Tuesday, August 26, 2014

More on Wafa Hourani's 'Qalandia 2067 [87?]' from Robin Creswell

I posted about Hourani's Qalandia piece at the New Museum a couple days ago. Now Robin Creswell has reviewed the exhibit for the Harper's Blog. And he has this to say about the Hourani piece. (Which is called Qalandia 2067 on his website. Maybe it was renamed for this exhibit?)

Here is Creswell: 

The eeriest exhibit, which has stayed with me in the days following my visit, is Wafa Hourani’s Qalandia 2087. The installation is a diorama built of simple materials, imagining what the Qalandia refugee camp, situated just west of Jerusalem, will look like one hundred years after the first Intifada. The camp is an orderly sort of ghetto: one of its taller buildings is conspicuously aslant, but the roads are straight and lined with prim little streetlamps.

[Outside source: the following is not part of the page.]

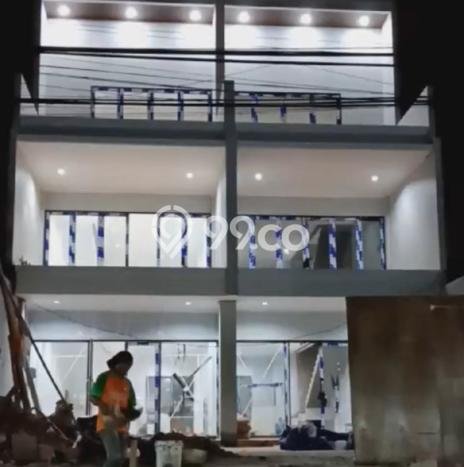 Unit Ruko Dijual di Serpong Tangerang Selatan Luas Tanah 125m2, Luas Bangunan 200m2 Unit Ruko Dijual di Serpong Tangerang Selatan Luas Tanah 125m2, Luas Bangunan 200m2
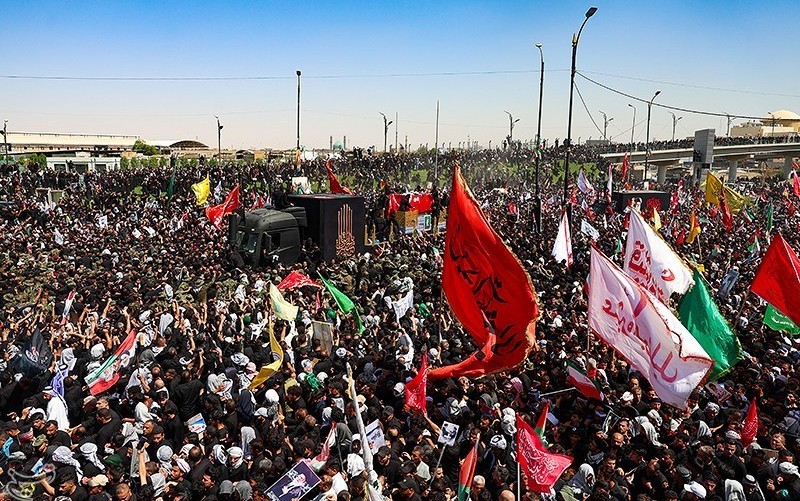 Jutaan pelayat memenuhi ruas-ruas jalan di Najaf dan Karbala saat mengiringi prosesi pemakaman Ayatullah Ali Khamenei menuju dua kota suci Irak.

The security wall that cuts through the real Qalandia has become a wall of mirrors; on the other side of it — the Israeli side — are a nightclub with a goldfish tank and an airport with toy jetliners.

“Qalandia 2087, 2009,” a mixed-media installation in six parts by Wafa Hourani, photographed by Wilfried Petzi.
“Qalandia 2087, 2009,” a mixed-media installation in six parts by Wafa Hourani, photographed by Wilfried Petzi.

Walking through the space of the mock-up, which is about half the size of a handball court, you are made to think what it would be like to live in or visit such a place. And as you approach the mirror-clad separation barrier, you’re confronted with the image of yourself in two very different landscapes — as though asked to choose which side you’re on, or to think about the restrictions such a choice might entail. Like several other exhibits in the show, Qalandia 2087 suggests the power of images to limit the imagination, by reflecting back at us the picture of ourselves we would like to see, or might prefer to see in place of another, perhaps truer one.